* WHAT THE EXERCISE ASKS *
Return all of the data that follows precisely, leaving every image out.

* THE INPUT *
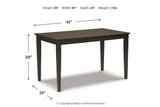 Kimonte Dark Brown Dining Table and 4 Chairs by Ashley at Eve Furniture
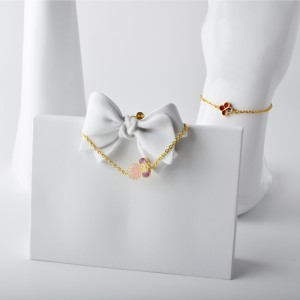 Новый 4 персика полый   A белый шелух персиковый браслет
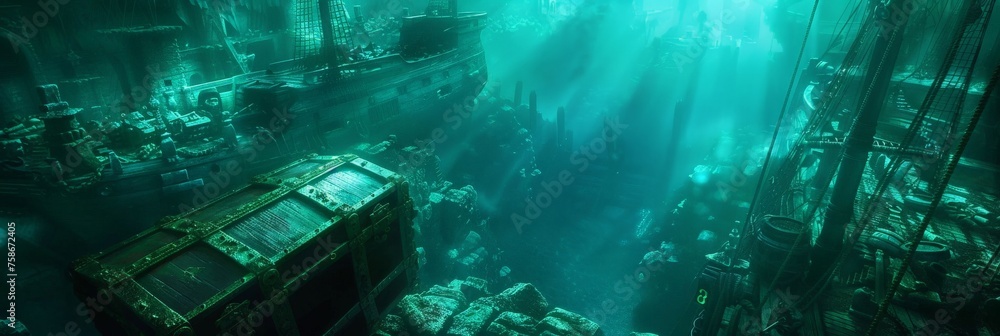 Lost city under the ocean treasure chests sunken ships soft green-blue light mid-shot - obrazy, fototapety, plakaty 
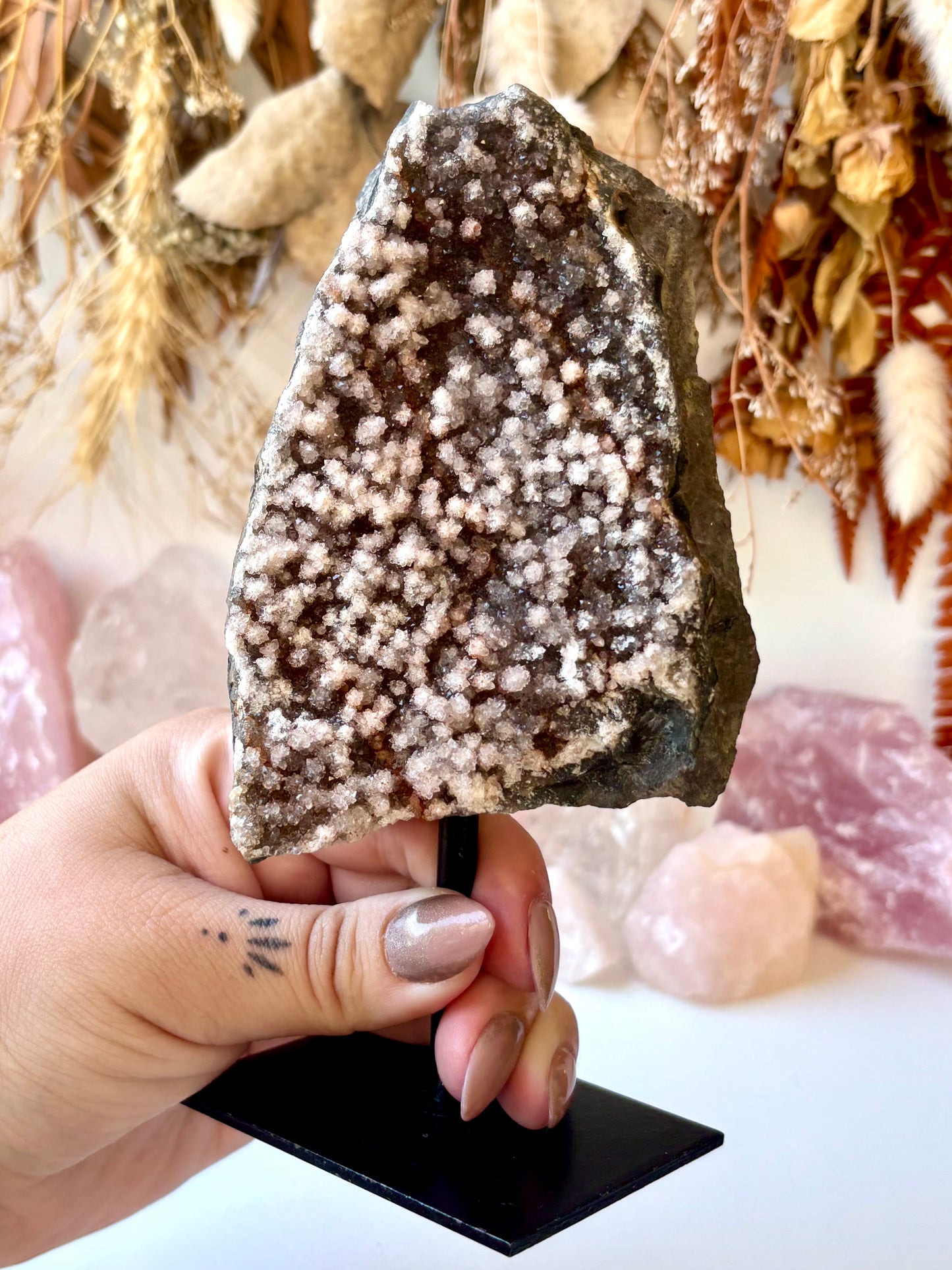 Red Amethyst Druse on Stand (Brazil)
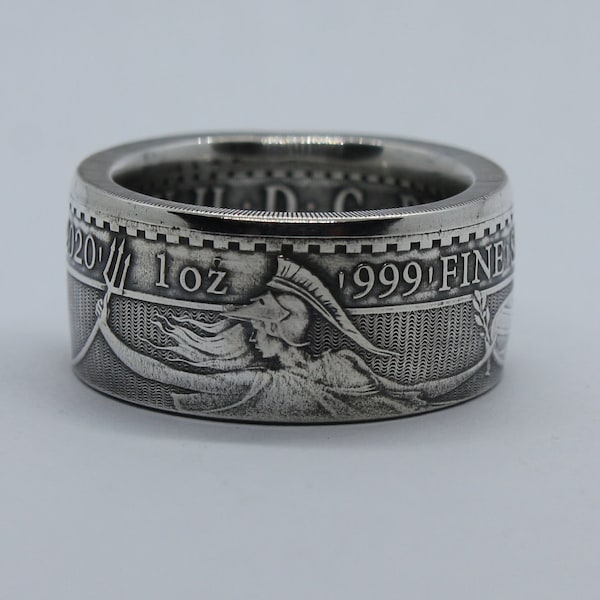 Coin Ring made from .999 Silver Britannia coin. Mens ring. Wedding rings. Silver ring.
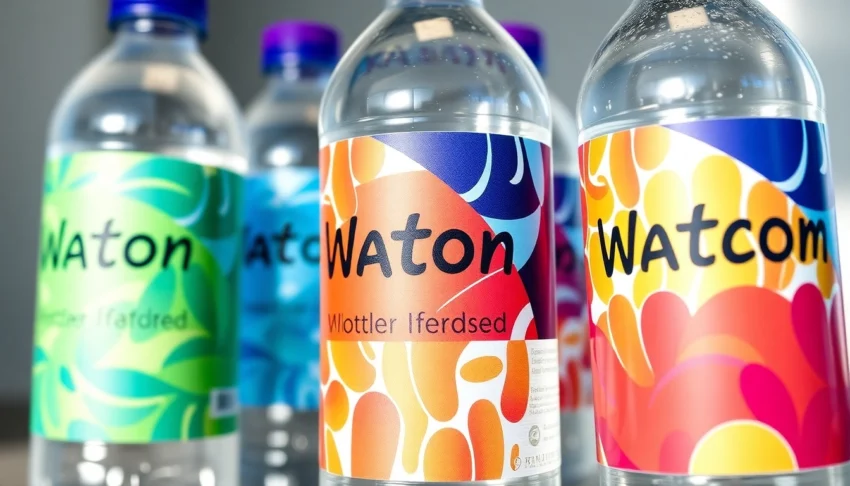 Custom water bottle labels featuring colorful designs, waterproof material, and professional printing on bottles for events and branding.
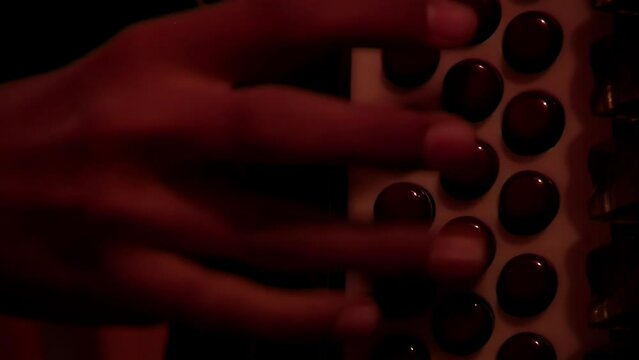 Woman Playing Button Accordion during the Night. Closeup.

* REPLY *
 Kimonte Dark Brown Dining Table and 4 Chairs by Ashley at Eve Furniture
 Новый 4 персика полый   A белый шелух персиковый браслет
 Lost city under the ocean treasure chests sunken ships soft green-blue light mid-shot - obrazy, fototapety, plakaty 
 Red Amethyst Druse on Stand (Brazil)
 Coin Ring made from .999 Silver Britannia coin. Mens ring. Wedding rings. Silver ring.
 Custom water bottle labels featuring colorful designs, waterproof material, and professional printing on bottles for events and branding.
 Woman Playing Button Accordion during the Night. Closeup.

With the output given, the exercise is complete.